# Prove the equivalence of the modified Turing Machines and the standard Turing Machines

We have a Turing Machine that cannot write the same symbol it has read in a transition, meaning it should always alter the symbol when passing it. How can we prove that such machines have equal processing power compared with the standard Turing Machines?

Now suppose $$S$$ is a stand Turing machine with $$\Gamma$$ as its alphabet on tape.
Let $$\Gamma'$$ be a copy of $$\Gamma$$, i.e., for all $$\gamma\in\Gamma$$, there is a corresponding $$\gamma'\in\Gamma'$$.
Let Turing machine $$M$$ be the same as $$S$$ except that
• $$M$$'s alphabet on tape is $$\Gamma\sqcup\Gamma'$$.
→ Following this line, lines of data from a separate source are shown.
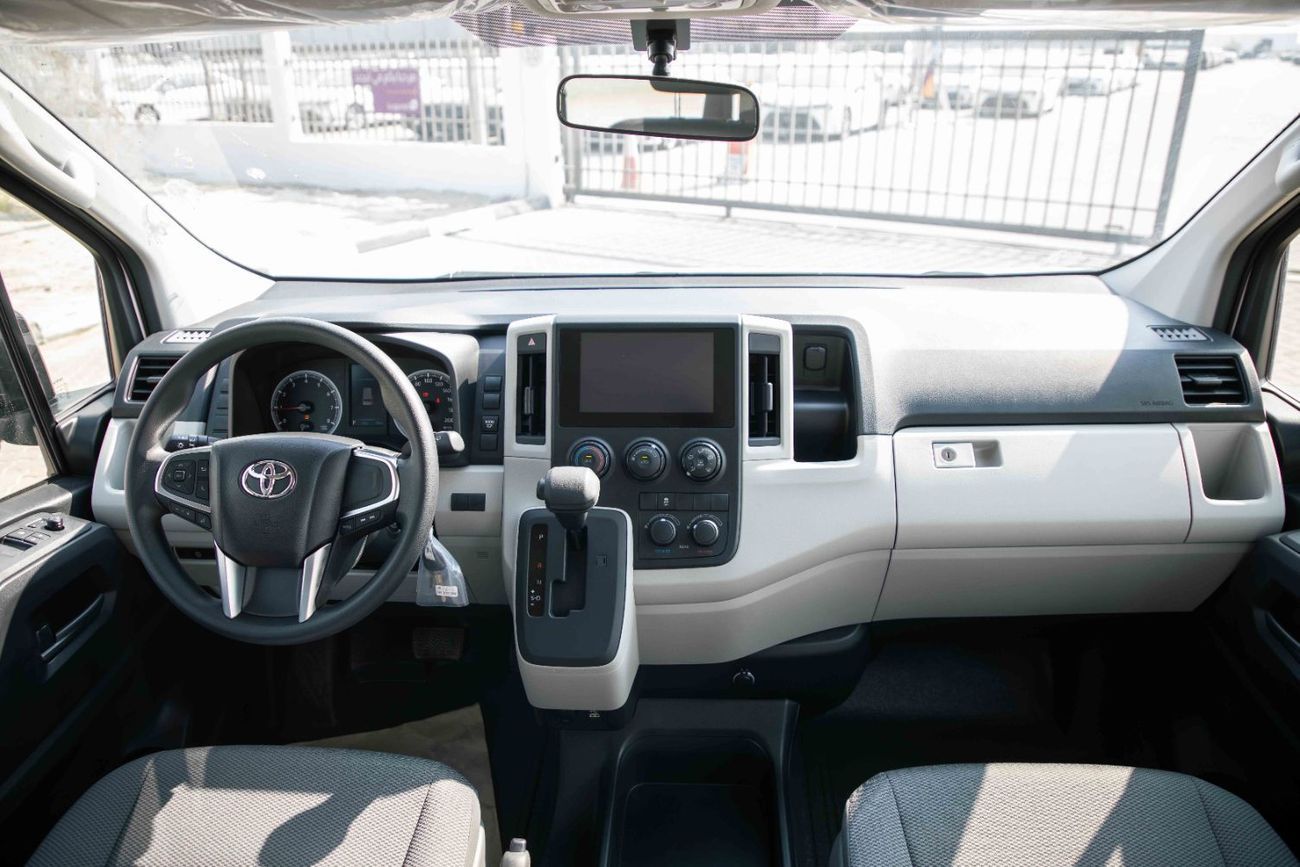 تويوتا هاياس 3.5L- White Inside Grey | Export Only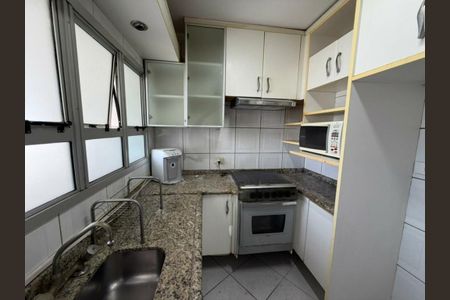 Apartamento à venda com 3 quartos, 64m² em Santo Amaro, São Paulo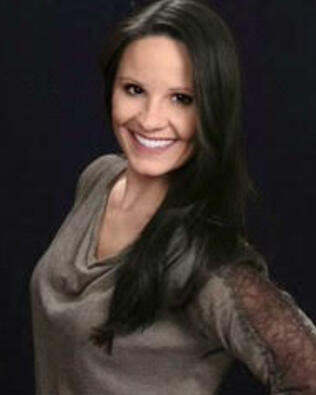 Headshot of Christine Pratt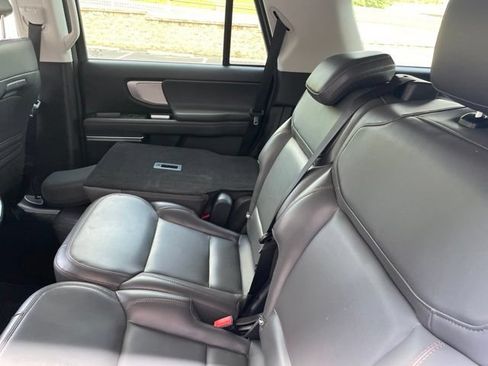 Used 2025 Ford Expedition Active AWD/4WD image 68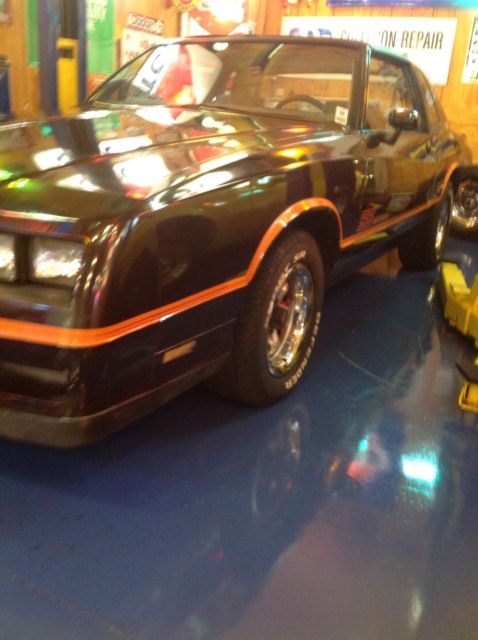 1985 Burgundy Chevrolet Monte Carlo Coupe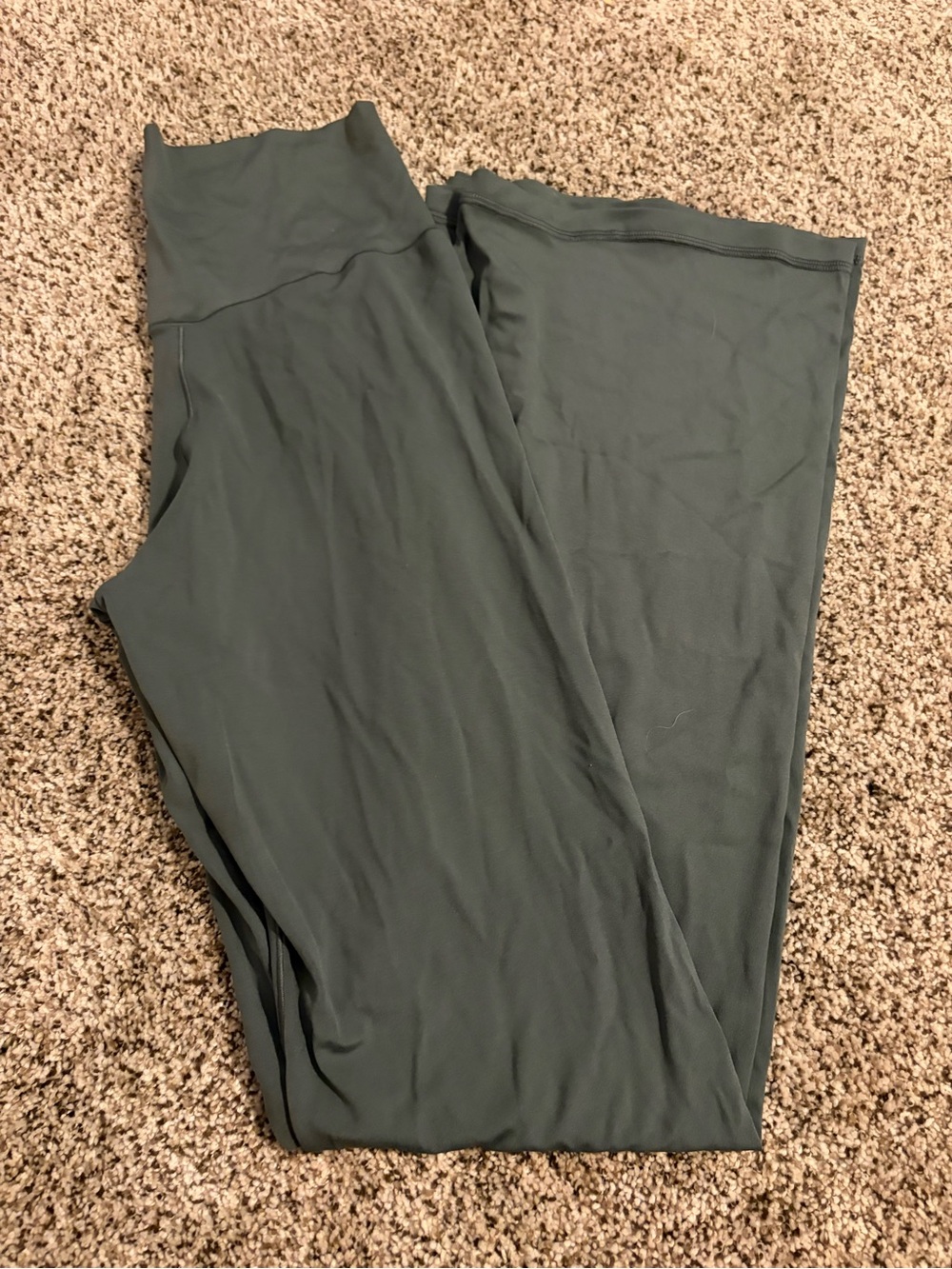 aerie Offline High-Rise Leggings in Dark Olive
• Suppose $$M$$ read $$\alpha\in\Gamma$$ or $$\alpha'\in \Gamma'$$. Then $$M$$ will behave like $$S$$ as if $$S$$ had read $$\alpha$$, except that $$M$$ will write $$\beta'$$ instead if $$S$$ would write $$\beta\in\Gamma$$ when $$\alpha$$ was read.
We see that $$M$$ is a modified Turing machine that simulates $$S$$. Hence the power of modified Turing machines is at least that of standard Turing machines.